A lab skill is a particular shape of skill that enforces a benchmark loop:

Measure
Hypothesize
Change one thing
Re-measure
Keep or discard

The skill body owns the discipline. The repo owns the benchmarks. The LLM owns the hypotheses and the rewrites.

We split each skill into four files:

skill-name/
├── SKILL.md         frontmatter + the core loop, under 500 lines
├── WORKFLOW.md      step-by-step with concrete files and commands
├── PATTERNS.md      reusable moves that have worked before
└── EXPERIMENTS.md   how to log experiments + variance discipline

The agent always sees SKILL.md. It pulls in the other three only when the loop sends it there. Anthropic notes that SKILL.md loses effectiveness past ~500 lines, so the rest belongs in linked files.

the two labs

At noticed we run a Postgres-backed pipeline, a 60M-row ClickHouse cluster and a multi-tenant agent that talks to thousands of users. Both labs came out of real production fires.

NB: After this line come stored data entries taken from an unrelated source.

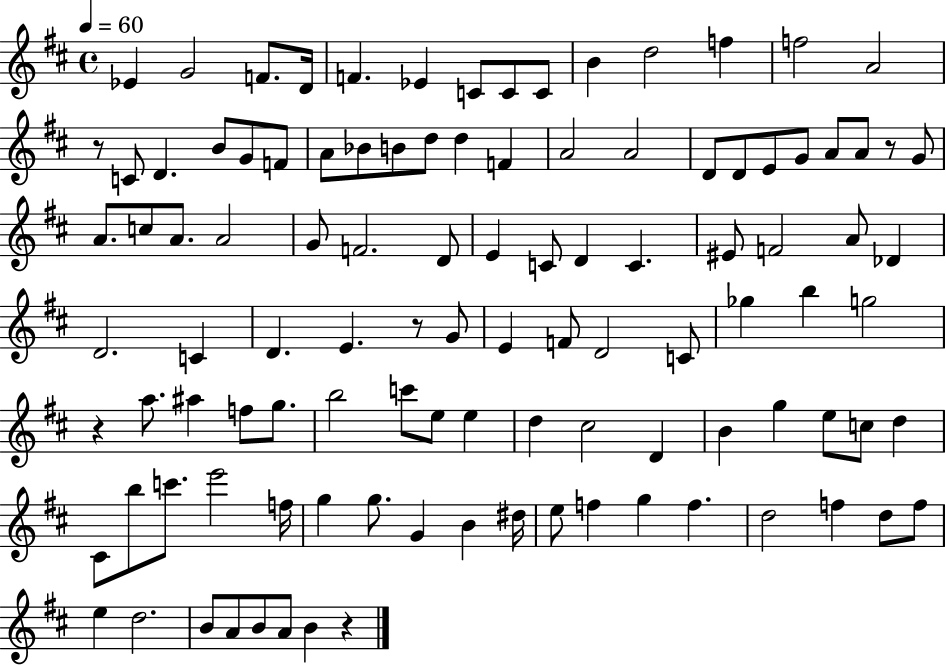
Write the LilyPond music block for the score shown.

{
  \clef treble
  \time 4/4
  \defaultTimeSignature
  \key d \major
  \tempo 4 = 60
  ees'4 g'2 f'8. d'16 | f'4. ees'4 c'8 c'8 c'8 | b'4 d''2 f''4 | f''2 a'2 | \break r8 c'8 d'4. b'8 g'8 f'8 | a'8 bes'8 b'8 d''8 d''4 f'4 | a'2 a'2 | d'8 d'8 e'8 g'8 a'8 a'8 r8 g'8 | \break a'8. c''8 a'8. a'2 | g'8 f'2. d'8 | e'4 c'8 d'4 c'4. | eis'8 f'2 a'8 des'4 | \break d'2. c'4 | d'4. e'4. r8 g'8 | e'4 f'8 d'2 c'8 | ges''4 b''4 g''2 | \break r4 a''8. ais''4 f''8 g''8. | b''2 c'''8 e''8 e''4 | d''4 cis''2 d'4 | b'4 g''4 e''8 c''8 d''4 | \break cis'8 b''8 c'''8. e'''2 f''16 | g''4 g''8. g'4 b'4 dis''16 | e''8 f''4 g''4 f''4. | d''2 f''4 d''8 f''8 | \break e''4 d''2. | b'8 a'8 b'8 a'8 b'4 r4 | \bar "|."
}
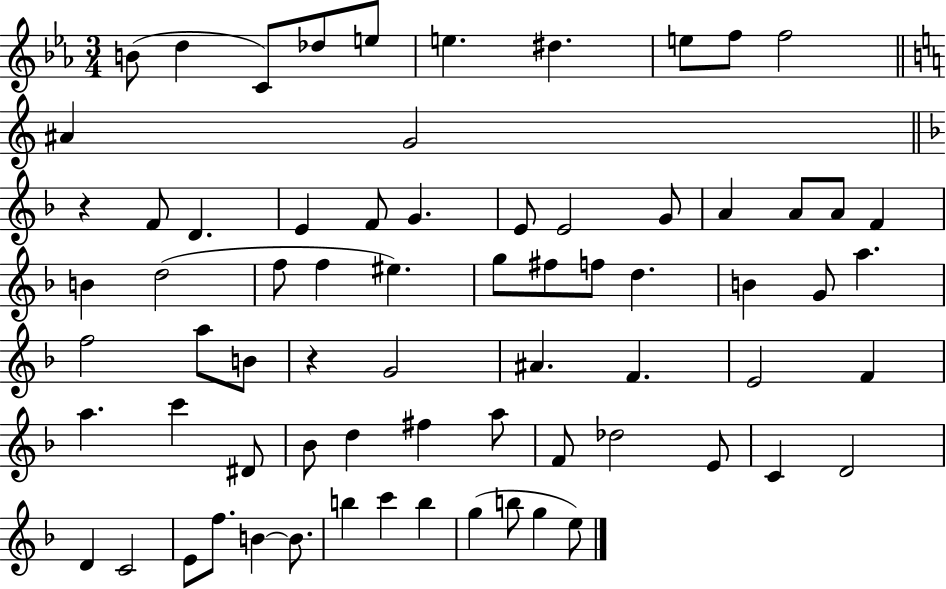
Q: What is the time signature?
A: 3/4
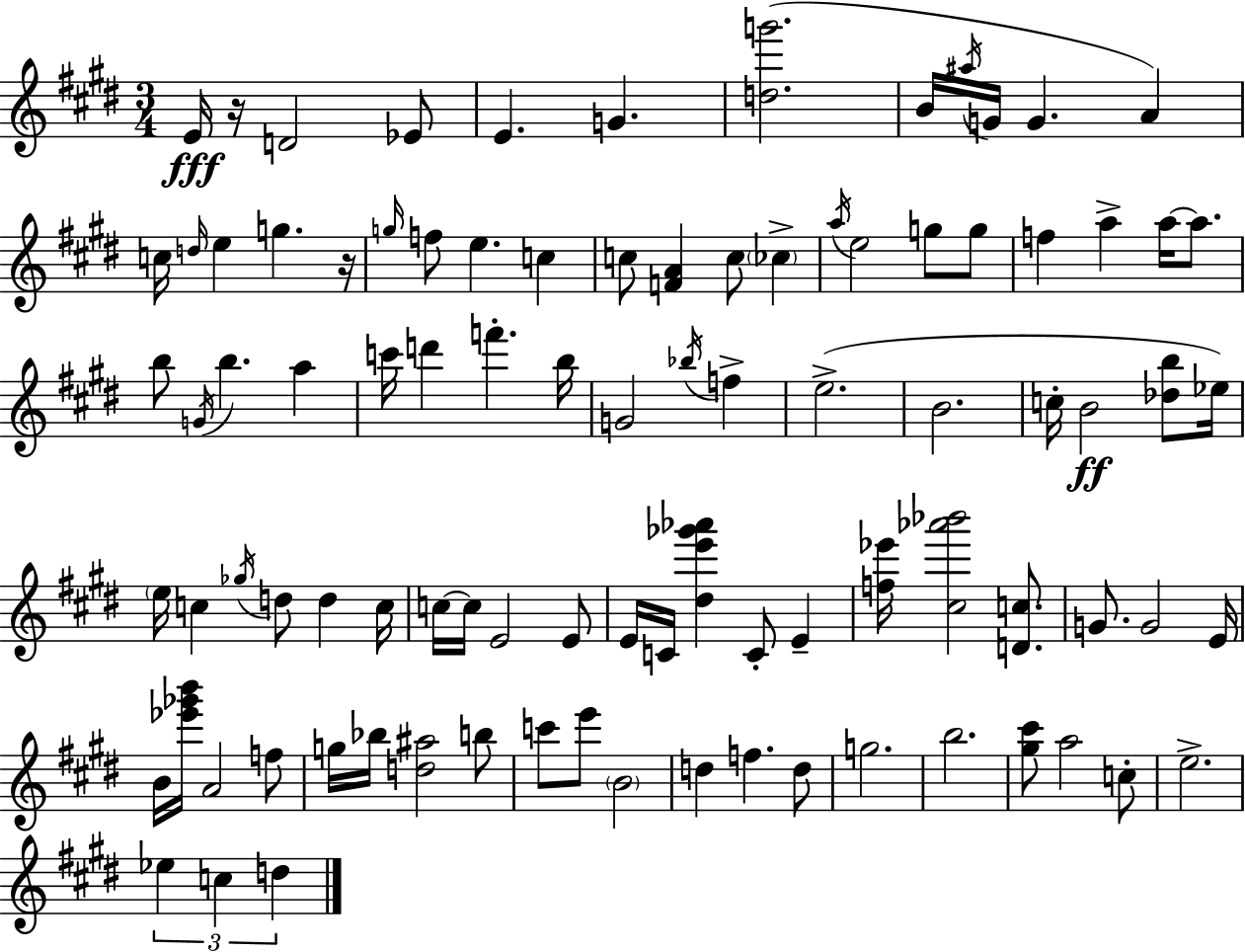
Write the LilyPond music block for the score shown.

{
  \clef treble
  \numericTimeSignature
  \time 3/4
  \key e \major
  e'16\fff r16 d'2 ees'8 | e'4. g'4. | <d'' g'''>2.( | b'16 \acciaccatura { ais''16 } g'16 g'4. a'4) | \break c''16 \grace { d''16 } e''4 g''4. | r16 \grace { g''16 } f''8 e''4. c''4 | c''8 <f' a'>4 c''8 \parenthesize ces''4-> | \acciaccatura { a''16 } e''2 | \break g''8 g''8 f''4 a''4-> | a''16~~ a''8. b''8 \acciaccatura { g'16 } b''4. | a''4 c'''16 d'''4 f'''4.-. | b''16 g'2 | \break \acciaccatura { bes''16 } f''4-> e''2.->( | b'2. | c''16-. b'2\ff | <des'' b''>8 ees''16) \parenthesize e''16 c''4 \acciaccatura { ges''16 } | \break d''8 d''4 c''16 c''16~~ c''16 e'2 | e'8 e'16 c'16 <dis'' e''' ges''' aes'''>4 | c'8-. e'4-- <f'' ees'''>16 <cis'' aes''' bes'''>2 | <d' c''>8. g'8. g'2 | \break e'16 b'16 <ees''' ges''' b'''>16 a'2 | f''8 g''16 bes''16 <d'' ais''>2 | b''8 c'''8 e'''8 \parenthesize b'2 | d''4 f''4. | \break d''8 g''2. | b''2. | <gis'' cis'''>8 a''2 | c''8-. e''2.-> | \break \tuplet 3/2 { ees''4 c''4 | d''4 } \bar "|."
}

query-optimization-lab triggers when a query is slow, memory-heavy, timing out, or scanning too many rows. The loop:

Pull the hot query from prod system.query_log (read-only).
Reproduce it locally.
Benchmark the current shape on four metrics: read_rows, read_bytes, memory_usage, elapsed_ns.
Make one targeted rewrite.
Benchmark again on the same dataset.
Keep the change only if a bottleneck metric improves and correctness holds.

Production is read-only for diagnosis. All benchmarking runs locally.

The skill encodes ClickHouse settings that LLMs get wrong by default:

max_bytes_before_external_group_by only spills GROUP BY to disk. It does nothing for JOINs.
For JOIN hash-table OOMs you need join_algorithm='auto' plus max_bytes_in_join.
max_memory_usage is a hard kill, not a spill trigger.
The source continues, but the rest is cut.